Beim „Üben“ geht es um den Genuss an Qualität.

Beim „Trainieren“ geht es um die Gier nach dem Immer-Mehr.
Uns ist die wichtige Unterscheidung der beiden Begriffe „Trainieren“ und „Üben“ zum ersten Mal im Sportstudium begegnet. Ein engagierter Dozent hatte uns Sportversessene mit dieser Aufgabe konfrontiert. Er wollte unsere Aufmerksamkeit in neue Denk-Bahnen lenken. Dabei erkannten wir, etwas Wesentliches:

Trainieren ist ein Wiederholen von Fertigkeiten, die man bereits kann.
Es dient der Steigerung von Leistung.
Also ist Trainieren ein Automatisierungsprozess im Bewegungsverhalten.
Üben ist eine Aneignung von Bewegungsvokabular, das noch nicht beherrscht wird.
Es geht um Verfeinerung, Differenzierung und Leichtigkeit im Bewegungsverhalten.
Der wesentliche Unterschied ist die innere Präsenz.
Um etwas zu lernen und es zu durchdringen, braucht es unsere ungeteilte innere Beteiligung.
Es ist eine Fähigkeit, die uns als ganzen Menschen anspricht. Eine Fähigkeit, die nicht nur einen Übungsprozess begleitet, sondern in unserer Wahrnehmung, unserem Ausdruck und in unserem Handeln mitschwingt. Auf diese Weise wird die innere Beteiligung im Laufe der Zeit zu einer wertvollen Begleiterin, mit der wir unser gesamtes Leben reicher und lebendiger gestalten können.

 

Sich seiner selbst bewusst werden

Später erfuhren wir, dass es eine große Tradition des Übens gibt.
Die großen asiatischen Künste leben es uns vor.
Sie sprechen vom „Weg der Meisterschaft“, der immer Hand in Hand mit dem Üben geht.

Und schon ist das Dilemma da, denn die Einmischung des Geistes kann zunächst einmal unsere Körperprozesse stören. Man denke nur an die Anweisung: „ Bewege dich ganz natürlich.“ Jeder weiß, dass es sich dann ganz ähnlich verhält, wie bei der Anweisung: „Denke nicht an einen rosa Elefanten!“ Auch die Aussage des großen Bewegungslehrers Moshe Feldenkrais passt in diesen Zusammenhang: „Frage einen Tausendfüßler, in welcher Reihenfolge er seine Beine setzt, und er wird sofort unfähig sein weiterzugehen.“ Noch auffälliger ist es beim Atmen. Die einfach erscheinende Anweisung: „Beobachte deinen Atem und beeinflusse ihn dabei nicht!“ erweist sich als nahezu unlösbar.

Warum also üben?
Wäre es nicht viel leichter, darauf zu verzichten? Dem Körper glücklich seinen Lauf zu lassen und sich seiner – unbewussten – Gesundheit zu erfreuen? Zum Teufel mit dieser Bewusstheit! Ja, natürlich wäre das leichter. Aber wir würden unserem Ziel, uns unserer selbst bewusst zu werden, nicht näher kommen. Doch es gibt einen Ausweg . . . .

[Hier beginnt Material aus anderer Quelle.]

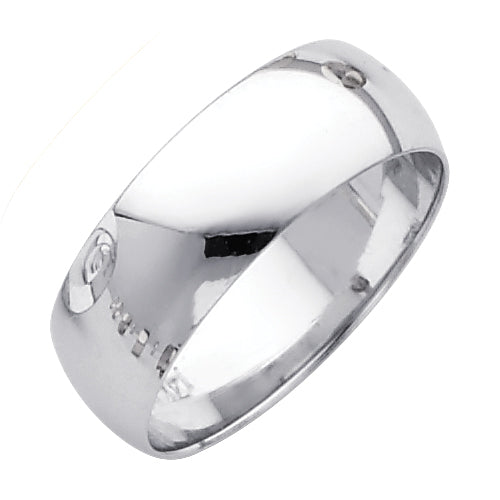 14K White Gold Plain Regular Fit Unisex Wedding Band Ring - 2mm to 8mm Unisex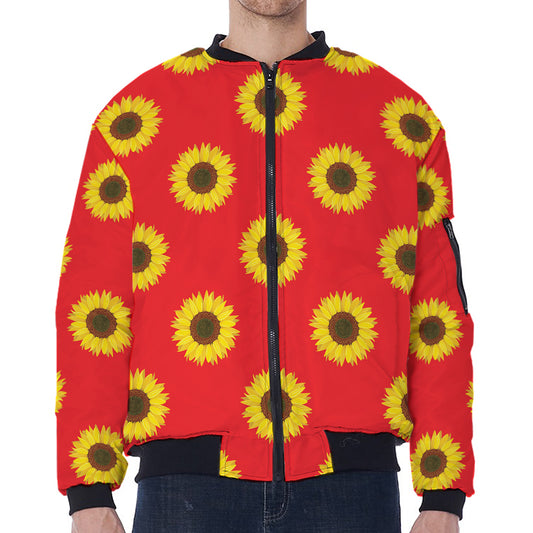 Red Sunflower Pattern Print Zip Sleeve Bomber Jacket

Die Lösung ist im Prozess des Übens selbst begründet

Es ist das große Geheimnis der Meister, dass irgendwann Körper und Geist zusammenfinden können. Ähnlich wie bei Ehepartnern, die nach vielen Jahren des Mit- und Gegeneinanders endlich erkennen, was sie am jeweils anderen haben. Und wir merken es sofort, wenn sich das Geheimnis einstellt:

● Bewusstes Tun und unbewusstes Sein werden ununterscheidbar.
● Körper und Geist verschmelzen zu einer Einheit.
● Und wir wissen genau, dass alles so sein muss und nicht anders.
● Es ist die intuitive Gewissheit, dass es so stimmig ist.
● Und wir sind für einen glückseligen Augenblick genau in der Mitte dieses Wissens.

 

Die alten Daoisten sprachen in solchen Momenten von der Umarmung des TAO, die Schamanen unserer Zeit von der Geburt der Intuition.

Einen sonnigen, farbenprächtigen, lichtdurchfluteten Spätsommer wünschen wir all unseren Lesern!